Military cooperation between Iran and North Korea is not a new phenomenon, particularly when it comes to exchanges of hardware and designs for ballistic missiles. In fact, the rocket North Korea is expected to test this month, the multi-stage Unha-3, a variation of the Taepodong-2, is believed to be the product of a joint development project between the two countries. Multiple design similarities between the Unha and some Iranian launch vehicles provide some evidence for this belief. For instance, the first stage of the Unha resembles the Simorgh rocket unveiled by Iranian President Mahmoud Ahmadinejad on the anniversary of the 2010 launch of Iran’s first domestic satellite, Omid. Likewise, the width and shape of the Unha's third stage point to a similarity with the third stage of Iran's Safir rocket, which carried the Omid satellite.

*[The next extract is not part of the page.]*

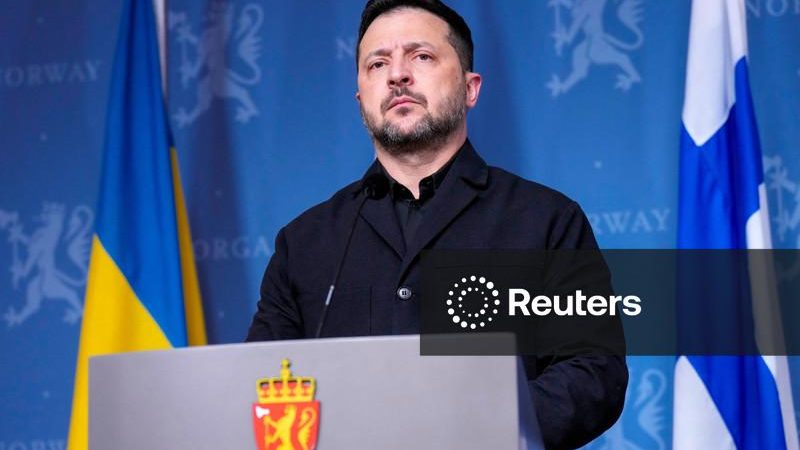 Zelenskiy diz que EUA restabeleceram alertas para Ucrânia sobre ataques balísticos russos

The panels of experts in charge of monitoring implementation of U.N. Security Council resolutions against both countries' nuclear and missile programs have recently noted that Pyongyang and Tehran continue to exchange missile technology, transferring missile components aboard Air Koryo and Air Iran flights. These exchanges have also benefited Iran. The U.S. intelligence community believes that the Safir might have been developed with technology provided by North Korea, specifically, engines derived from the Musudan intermediate-range ballistic missile. Likewise, in the past, North Korea provided Iran with engines that were later used to develop the Shahab-3 rocket.